Initially, the college was run in the building of Chitwan High School with 14 students in night shift. In 2028 BS, it received 10 Bighas of land from Nepal government and in 2032 BS, the college was relocated to its own building. The campus was official inaugurated by King Birendra on 6th Marg, 2034 BS. The campus first offered Bachelor level education only. In 2040 BS, it started teaching Intermediate level and in 2050 BS, it added Masters courses.

==Infrastructure==

The campus has an area of about 19 bighas and has various buildings.

There were 165 teaching staff in the campus in 2014.

==Educational Departments==
There are 17 departments in Birendra Multiple Campus.

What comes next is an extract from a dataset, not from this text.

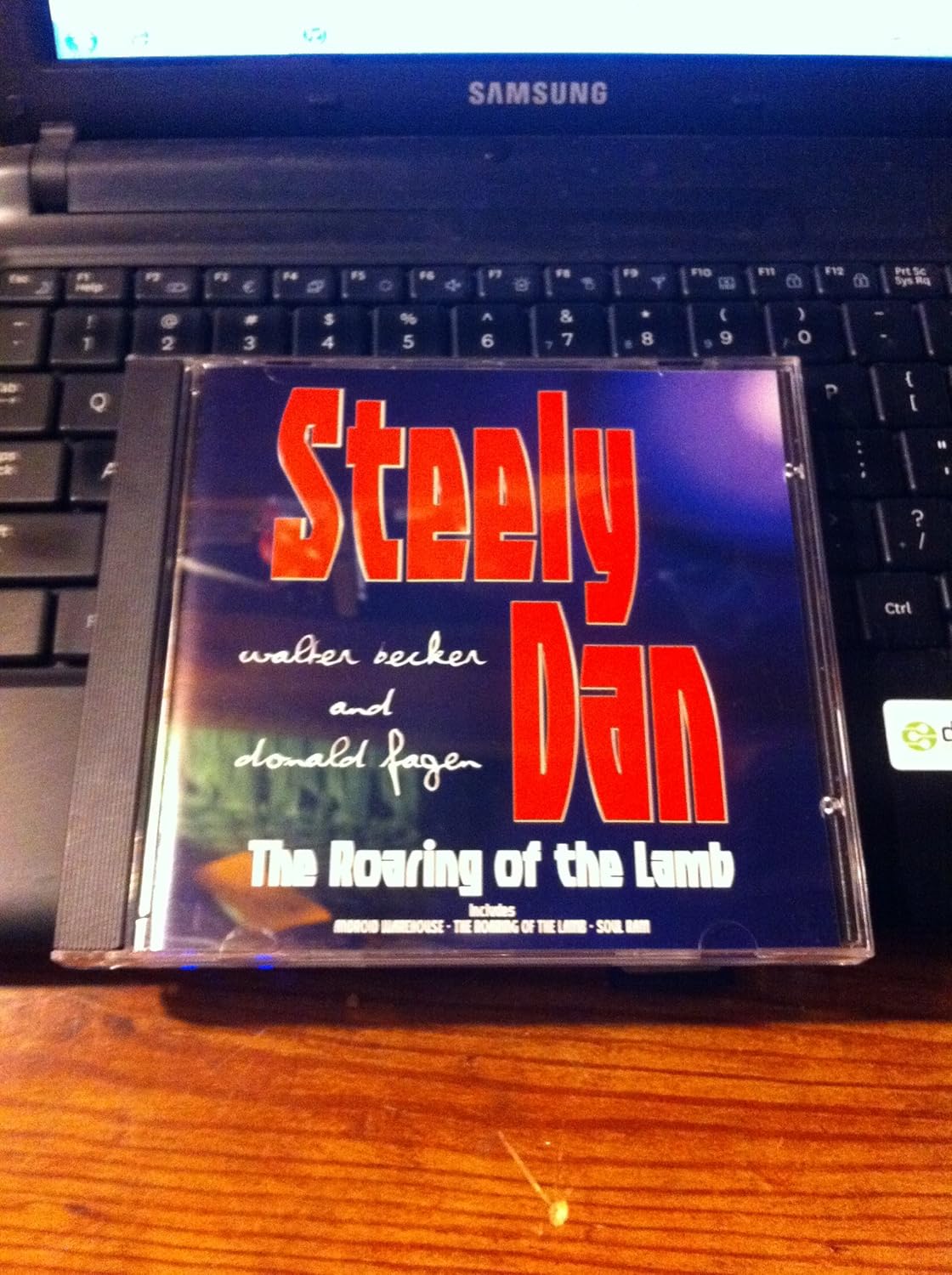 Steely Dan Roaring Of The Lamb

It means the programs are divided into seventeen groups. Some of them are Nepali, History, Zoology, Geography Culture Ed, Economics, etc. Each department has a head to run it. Head of Education Department said "All departments are running smoothly." These departments are responsible for conducting all classes under them. According to Assistant Campus Chief, In History, Culture, Political Science and Geography department have fewer students.

==Notable events==
- In 2076 BS, some student union set fire to the campus building. The perpetrators were arrested later.